Earlier this year, we migrated the entire Stack Overflow for Teams platform to Azure. This was a lengthy endeavour and Wouter de Kort, one of our core engineers, wrote about multiple technical aspects of the project in these posts:

In this post, I’ll share a little more detail about the SQL Server portions of the migration, what we’ve done since, and how we’ve approached modernizing our environment while migrating to Azure. I’ll talk about a few key choices we made and trade-offs between simplicity and risk in case they are helpful as you face similar decisions.

Background

In our New York (actually, New Jersey) and Colorado data centers, the databases supporting Teams ran on four physical servers, two in each data center. The infra consisted of a Windows Server Failover Cluster (we’ll call it NYCHCL01), and four servers (NY-CHSQL01/02 and CO-CHSQL01/02), hosting 103 databases in a single availability group. Primary was always on one of the NY nodes, with a sync secondary on the other NY node and two async secondaries in Colorado:

What Teams looked like in the data center
What Teams looked like in the data center

But we wanted out of the data center

In order to migrate to the cloud, we built a mirrored environment in Azure: two Azure VMs in East US and two Azure VMs in West US. These servers joined the same cluster in the data center, and ran the same version of the operating system (Windows Server 2016) and SQL Server (2019).

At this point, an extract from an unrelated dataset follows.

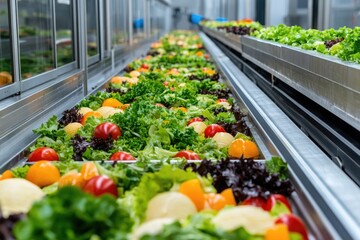 Sticker - Fresh salads arranged on a moving conveyor belt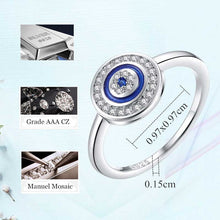 Load image into Gallery viewer, Blue Enamel and White Stone Evil Eye Silver Ring - Ring7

A new mirrored environment in Azure
A new mirrored environment in Azure

We went with Azure VMs running “on-prem” SQL Server, over PaaS offerings like Azure SQL Managed Instance (MI), for a few reasons:

  • A rule I tend to strictly follow is to change as few things as possible. In this case, we felt that sticking with the exact same engine and version would make for a more stable experience.
  • When possible, we want to make sure a migration is reversible. Since the source systems were still running SQL Server 2019, and we didn’t want to upgrade them before the migration, we couldn’t take advantage of newer features that would allow failing over and back between MI and SQL Server 2022.
  • We already exceeded MI’s hard limit of 100 databases. Fitting into a managed instance would mean breaking it up so not all databases were on the same instance – not insurmountable, but not something we’ve ever done with this system, and we didn’t want to disrupt the timeline trying it out.
  • When analyzing and forecasting costs, we just couldn’t find a sweet spot in the price/performance ratio that made sense – for the same power, a VM running SQL Server is currently the most economical choice for us. Even if it means we still have to manage some of the maintenance (e.g., OS patching and cumulative updates). We’ll continue to watch MI pricing over time and see if it comes down into an orbit that makes it attractive.

Once built and configured, we joined these new nodes to the AG, making them all async secondaries, and removed the Colorado nodes from the AG:

Getting Colorado out of the picture
Getting Colorado out of the picture

We didn’t want to stay in this mode for long since that is a lot of secondaries to maintain. We quickly made TM-E-SQL01 synchronous and the other NY secondary async.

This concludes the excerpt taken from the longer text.